Guillet (Jeanne) Début 20ème siècle
Jeanne Guillet
(Début 20ème siècle)
Qui connaît cette attachante poétesse dont il ne reste, semble-t-il, que peu de traces?
Voir cependant le "Mercure de France" de juin 1917, qui publie cet ensemble de 5 poèmes dédiés aux morts de la guerre .
Offrande
1 -
Mes soeurs, voici le soir, laissons là nos fuseaux.
Le soleil, comme un roi détrôné qui s'exile,
abandonne sa pourpre aux robes d'or des îles
et quitte lentement la terrasse des eaux.
Dans les vergers emplis de ramages d'oiseaux,
pour cueillir l'oranger et la neige fragile
des cerisiers, aux troncs lisses, les plus agiles,
montez. Et vous, coupez des joncs et des roseaux.

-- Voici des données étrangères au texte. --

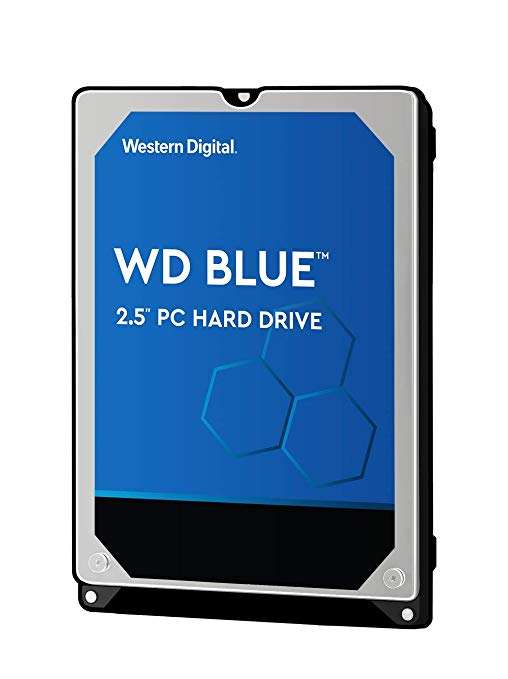 LIKE NEW!! Western Digital BLUE 500GB 2.5" Laptop HDD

Puis, tandis que nos doigts tresseront des corbeilles,
dévastez les jardins que le printemps fleurit;
qu'au retour du soleil, les divines abeilles
se demandent quel vent automnal a flétri
les fleurs au doux nectar, les fleurs énamourées
des baisers apportés par leurs ailes dorées.
2 -
Des fleurs, des fleurs,
toutes les fleurs écloses,
mes soeurs,
cueillez les roses,
les jasmins, les violettes, cueillez
la verveine et l'oeillet,
et le genêts des collines.
Cueillez les grappes opalines
des robiniers et des glycines,
et ces papillons violets
qui décorent de chapelets
fleuris les murs de nos villas;
n'oubliez pas
le fenouille bavard et la sauge triste,
et, dans le bois, le ciste,
dont le parfum persiste
au coeur, comme un regret...
Cueillez la grâce virginale
et les mille chansons coquettes du muguet,
l'émail glacé des pétales
du bégonia,
et le vertige exquis des fleurs de magnolia.
Cueillez ces daturas de sommeil et de rêve,
ces calices profonds où les insectes bleus
s'en vont mourir au soir de leurs courses trop brêves
dans un dernier frisson voluptueux.
......................................
Comme une lame d'acier fin,
la lune s'incruste dans l'écrin
de ciel mat,
et sa lumière tisse
des mousselines d'incarnat
aux calices,
puis s'accoche
en guirlandes de soie floche
au brouillard d'or des mimosas.
Oh! les belles, les souples branches!
qu'alourdissent des pierreries
irréelles, joyaux de féerie,
cascades de gemmes glauques,
croulant en avalanches
calmes, longues palmes
où passe, par instant,
la voix rauque
du vent.
Hâtez-vous, hâtez-vous, mes soeurs!
Que s'entassent,
des jardins aux terrasses,
vos fleurs!
Fleurs épanouis,
au vent du soir évanouies,
calices à demi fanés,
et boutons nouveau-nés,
des fleurs, des fleurs, des fleurs!
4 -
Soldats, héros, à vous, cette moisson d'Avril,
à vous, ô morts bénis, ces vierges aubépines,
la gloire des corolles et l'or des étamines
et le pollen fécond tombant sur les pistils!
A vous, mes préférés, puisqu'en double péril,
tous ceux qu'un sort cruel et glorieux destine
à réveiller un jour l'écho de Salamine,
et qui mourrez deux fois, sur la terre d'exil,
de n'espérer jamais que sur vos mausolées
viendront pleurer, un jour, vos épouses voilées,
et rafraîchir le sol aride où vous dormez.
A vous, humbles martyrs, ravagés par la fièvre,
à vous qui, nuit et jour, vous penchez sur leurs lèvres:
Je vous offre ces fleurs, mes frères bien-aimés.